The internal phone memory is generally of a lesser amount than the amount of the memory you'd have on a SD card. You cannot really change the amount of internal memory you have on your phone but you can always get a new SD card with a larger storage capacity.
So when you have apps that need a lot of space it is better to have them installed on the SD card.
will installing more apps on internal memory make the phone run slower ???
I don't think it will make the phone run slower, but you'll have lesser storage space for your other data which is stored in the internal storage like your contacts etc.
i have an HTC Sensation XE running on Darkforest ROM, this is my RAM (pic) how can i increase the free memory, thats the max i get around 180MB free
View attachment 1034360
Can I know why you wish to free up the RAM? In most cases you really don't need to because the OS manages that quite efficiently. It will free up the RAM and make room for the running applications whenever it needs to.
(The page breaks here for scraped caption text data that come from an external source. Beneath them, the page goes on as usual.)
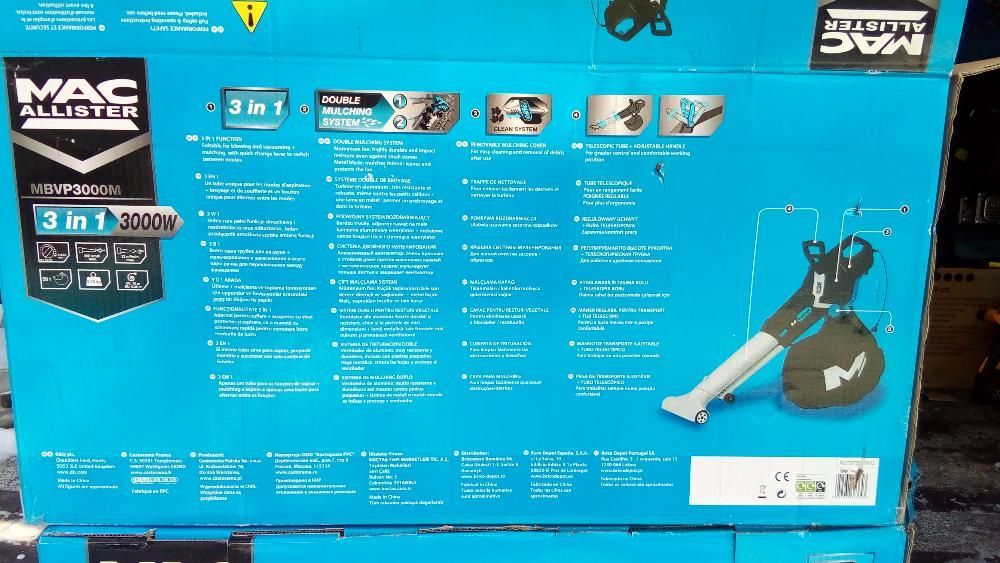 Odkurzacz do liści - dmuchawa MACALLISTER 3000 W mielenie Polecam!!!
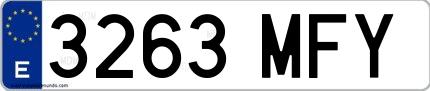Ejemplo de matrícula española 3263 MFY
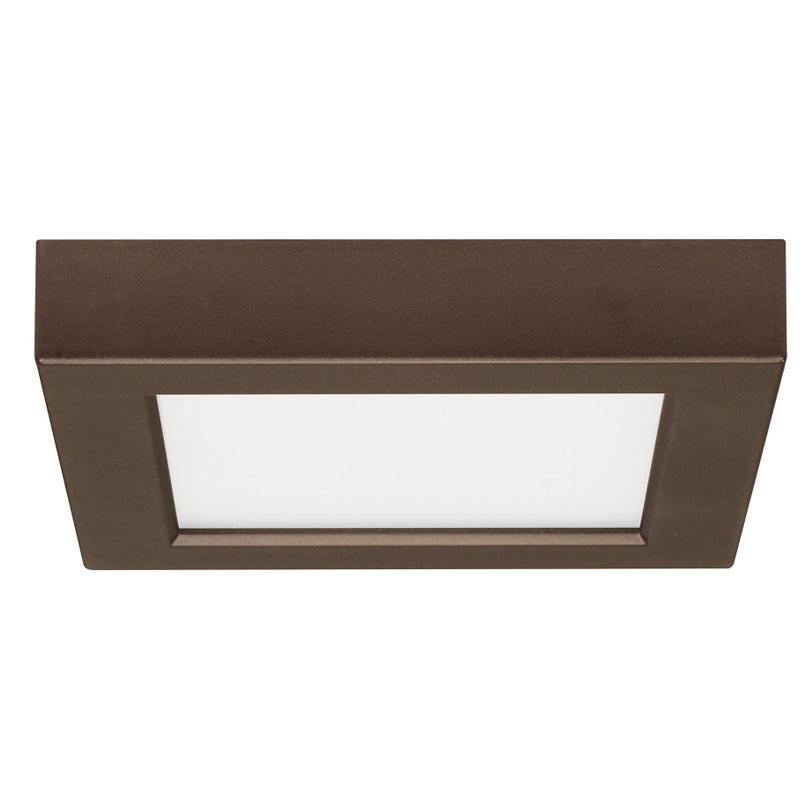 Satco 10.5w 5.5" Flush Mount LED Fixture w/ Square Shape in Bronze Finish 2700k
cuz in some apps after opening them for a while and try to close this app the phone restarts, so i read that its cuz of low RAM
please correct me if am mistaken
180 mb is a lot of RAM for a single application to use. And as I said, the OS, is pretty good at managing it. Although I cannot exactly tell you why your phone might be restarting when you close some apps, I don't really think it would be cause of the low RAM.
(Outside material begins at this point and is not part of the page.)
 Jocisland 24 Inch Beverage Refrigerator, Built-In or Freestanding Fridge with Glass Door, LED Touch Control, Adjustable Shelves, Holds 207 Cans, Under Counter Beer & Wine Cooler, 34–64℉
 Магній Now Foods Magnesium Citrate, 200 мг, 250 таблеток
I checked my phone and it had about the same amount of RAM occupied as yours(i.e. 2 thirds of the total capacity). Then i started a game called Fruit Ninja which uses 3d graphics, which should need a lot of RAM. Then i pressed home and checked the RAM usage again. Even then the RAM usage did not go up by much.
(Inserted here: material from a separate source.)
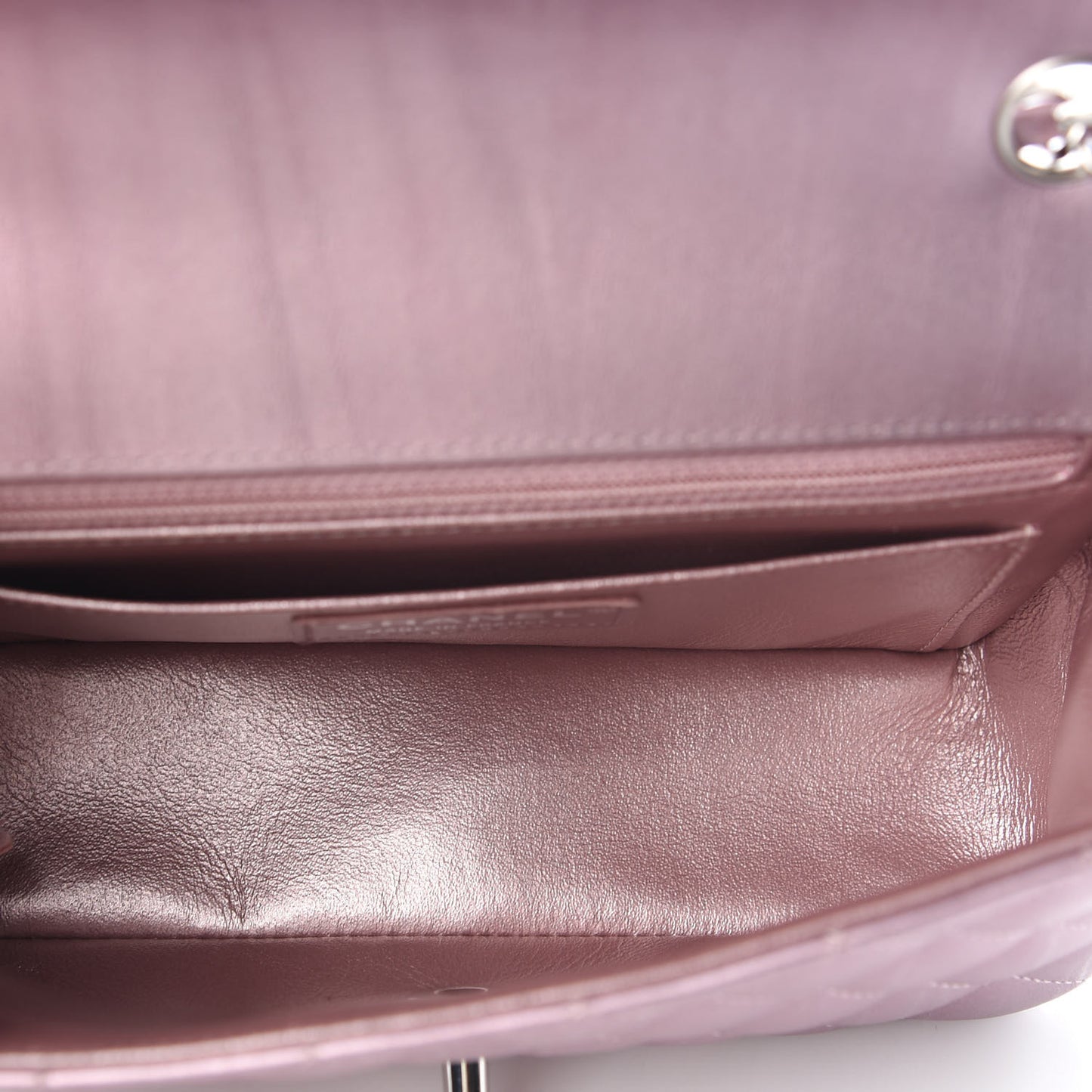 Metallic Calfskin Quilted Mini Rectangular Flap Pink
You should try to verify this on your phone too. Check the amount of RAM thats being used. Then start the application thats causing the problem. Press the home button and check the RAM usage again.
An app will probably run quicker from internal mem because flash storage is much slower, but youre'e limited by space constraints.
Sent from my MB526 using XDA
Well it might load into the RAM quicker. But I don't really think there is much of a difference in speed while its running. Unless there are a lot of loading and writing operations.
Pay attention to one thing: internal storage and ram are not the same thing.
Ram is commonly allocated on a high speed journaled partition and it is 1000 times or more faster than both the internal emmc or the external SD (that'd why a swap partition is not as fast as real ram).
Just for the I/O parallelism, an app installed on the external sd could very likely run faster than one that resides in the internal emmc. Anyway, it also depends on the class of the external sd, though the class counts only when writing sequential data, while reading could even be faster when using a lower class SD.
lucaoldb said:
Pay attention to one thing: internal storage and ram are not the same thing.
Ram is commonly allocated on a high speed journaled partition and it is 1000 times or more faster than both the internal emmc or the external SD (that'd why a swap partition is not as fast as real ram).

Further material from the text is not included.